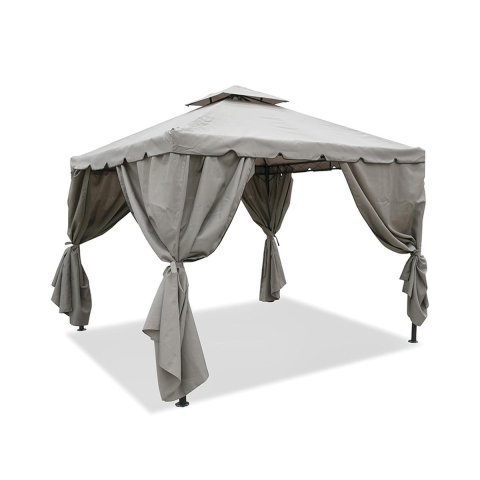 Gazebo idrorepellente 3x3m 4 tende laterali ferro tortora Tangeri Kampagne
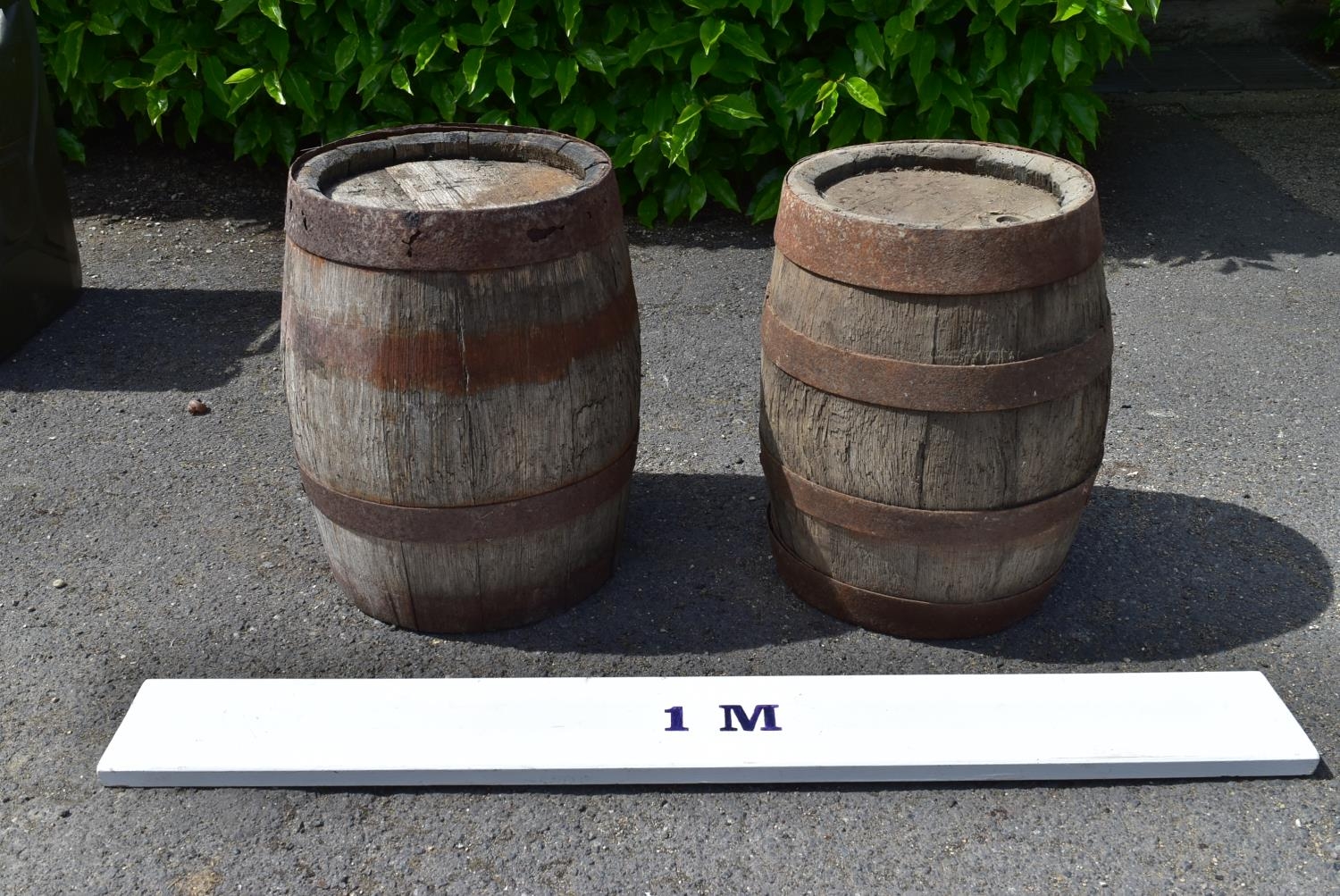 Two old Fuller's brewery coopered firkins and a 19th century milking stool. H.42 W.30cm - Image 8 of 8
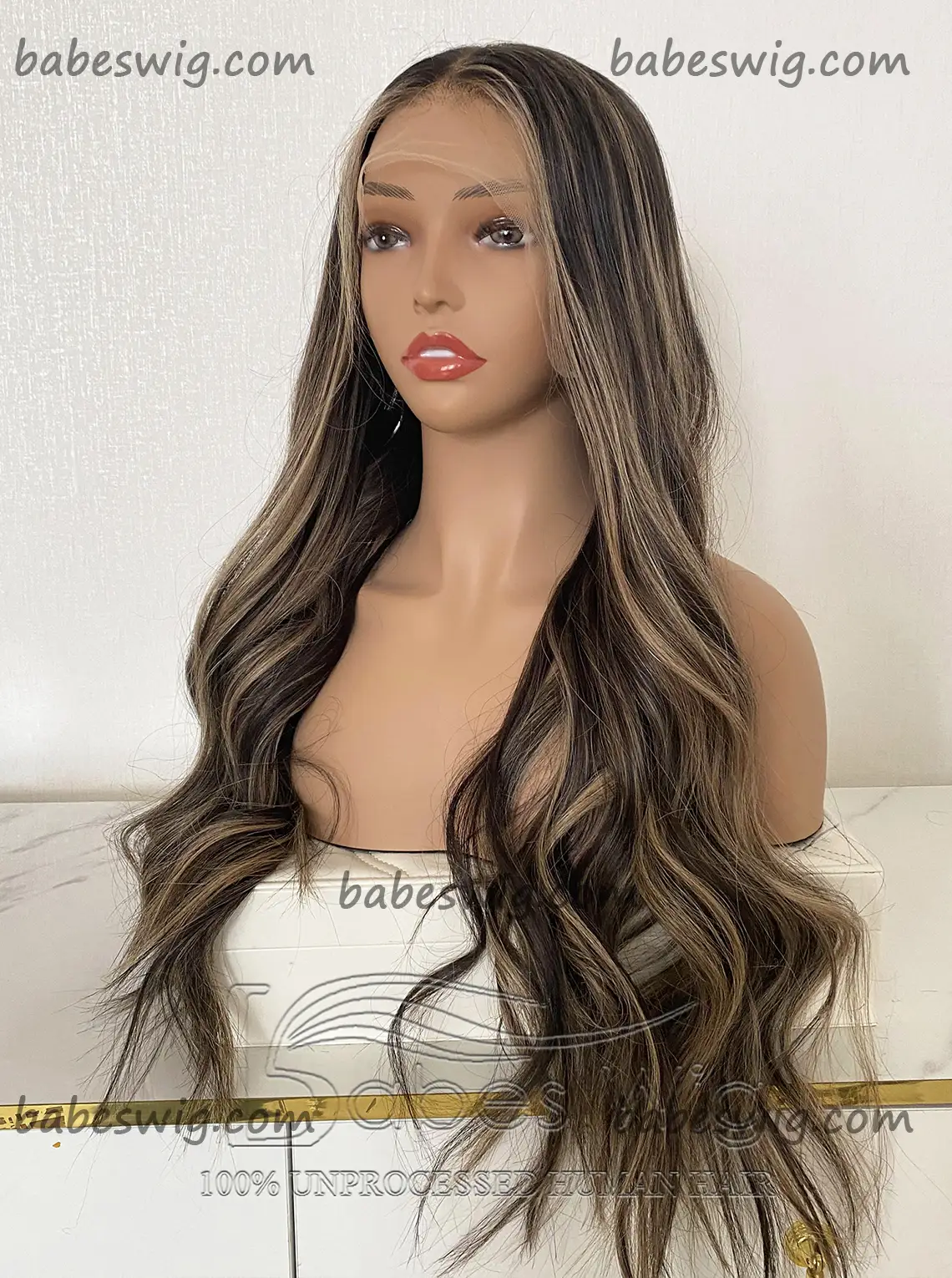 Luxury Wig Human Hair Wigs With Balayage Wavy Lace Front Human Hair Wigs for Women Bleaches Knots Best Quality Lace Wigs-BabesWIG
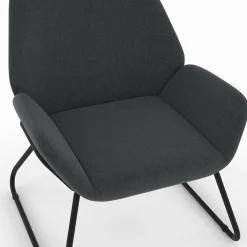 Fauteuil en tissu gris anthracite et pieds métal noirs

+---+

● Work item: Your reply should hold every line of the material, unaltered, and not one picture.

● Answer to this task:
 Gazebo idrorepellente 3x3m 4 tende laterali ferro tortora Tangeri Kampagne
 Two old Fuller's brewery coopered firkins and a 19th century milking stool. H.42 W.30cm - Image 8 of 8
 Luxury Wig Human Hair Wigs With Balayage Wavy Lace Front Human Hair Wigs for Women Bleaches Knots Best Quality Lace Wigs-BabesWIG
 Fauteuil en tissu gris anthracite et pieds métal noirs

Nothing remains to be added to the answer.